Le jugement entrepris sera donc confirmé en ce qu'il a constaté la cession des parts.
Il ne peut cependant, comme l'a fait le tribunal, en être tiré la conséquence que Mme J. avait perdu la qualité d'associée de la société Depann'Auto, et que, partant, elle n'avait plus aucune qualité pour solliciter la convocation d'une assemblée générale. En effet, comme il l'a été rappelé précédemment, l'absence d'écrit rend la cession inopposable à la société, aux yeux de laquelle Mme J. n'avait donc pas perdu sa qualité d'associée.
L'associé ne dispose cependant pas du pouvoir de convoquer de sa propre initiative une assemblée générale, mais doit solliciter cette convocation du gérant, et, en cas de refus, saisir le tribunal aux fins de désignation d'un administrateur provisoire.

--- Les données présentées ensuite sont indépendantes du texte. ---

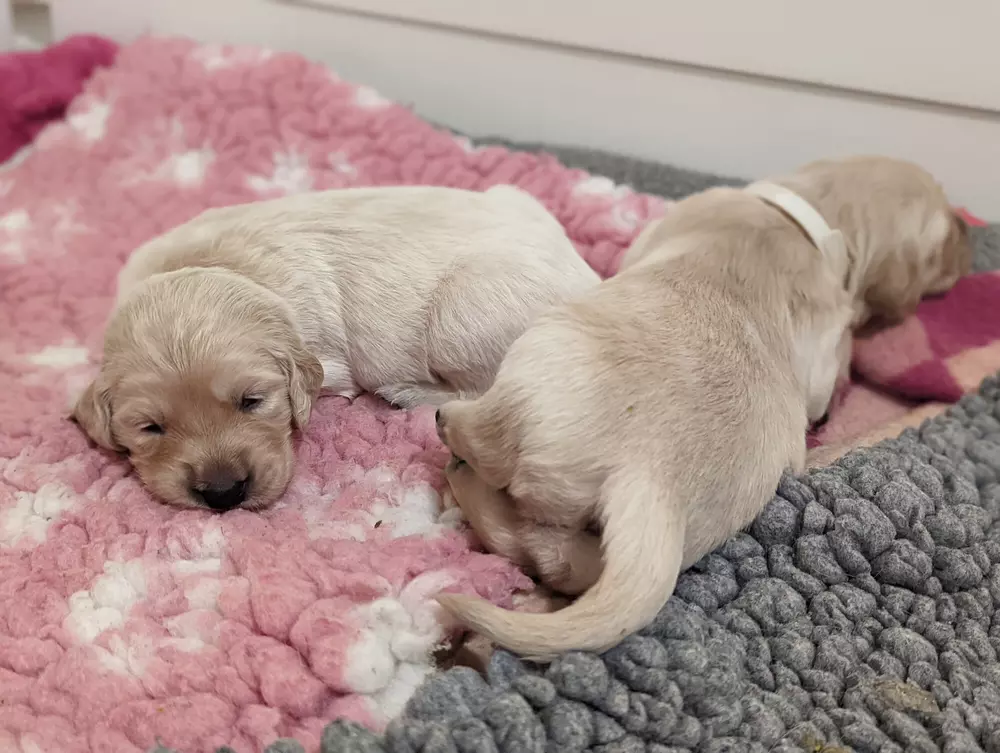 Two golden retriever puppies lying on vet bed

A cet égard, Mme J. n'a pas agi régulièrement.
Il n'en demeure pas moins que, sur sa demande, le tribunal a désigné, en la personne de Me B., un administrateur provisoire à la société Depann'Auto, étant relevé que cette désignation n'a fait l'objet d'aucune contestation de la part de cette dernière, les explications fournies sur ce point par M. L. pour justifier cette carence, à savoir qu'il avait été mis devant le fait accompli, étant dépourvues de tout emport, comme ne révélant aucun motif pertinent l'empêchant, en sa qualité de gérant, de contester la décision rendue.
C'est dès lors à tort que les premiers juges ont mis à la charge de Mme J. les frais et honoraires de la mission de Me B., alors au demeurant que ni ce dernier, ni la société Depann'Auto, ne se trouvent appelés à la cause.
L'infirmation s'impose sur ce point, la demande correspondante de M. L. étant rejetée.
Il en sera de même s'agissant de la demande de dommages et intérêts formée par M. L., qui, en acquérant des parts sociales sans établir d'écrit, a permis que cette cession soit inopposable à la société, circonstance qui est directement à l'origine de la situation dont il se plaint qu'elle lui ait été préjudiciable au plan moral.
Il sera fait masse des entiers dépens de première instance et d'appel, qui seront supportés par moitié par chacune des parties, les demandes formées sur le fondement de l'article 700 du code de procédure civile étant rejetées.
PAR CES MOTIFS
Statuant en audience publique et par arrêt contradictoire,
Confirme le jugement rendu le 25 février 2019 par le tribunal de commerce de Chalon sur Saône en ce qu'il a dit que Mme Céline J. a cédé en juin 2015 la totalité des parts qu'elle détenait dans la société Depann'Auto à M. Gérald L. pour la somme de 1 000 € ;
L'infirme pour le surplus ;
Statuant à nouveau, et ajoutant :
Rejette la demande de M. L. tendant à la prise en charge par Mme J. des frais et honoraires de Me B., ès qualités d'administrateur provisoire de la société Depann'Auto ;
Rejette la demande de dommages et intérêts formée par M. L. ;
Rejette les demandes formées sur le fondement de l'article 700 du code de procédure civile ;
Fait masse des entiers dépens de première instance et d'appel, et dit qu'ils seront supportés par Mme J. et M. L., chacun pour moitié.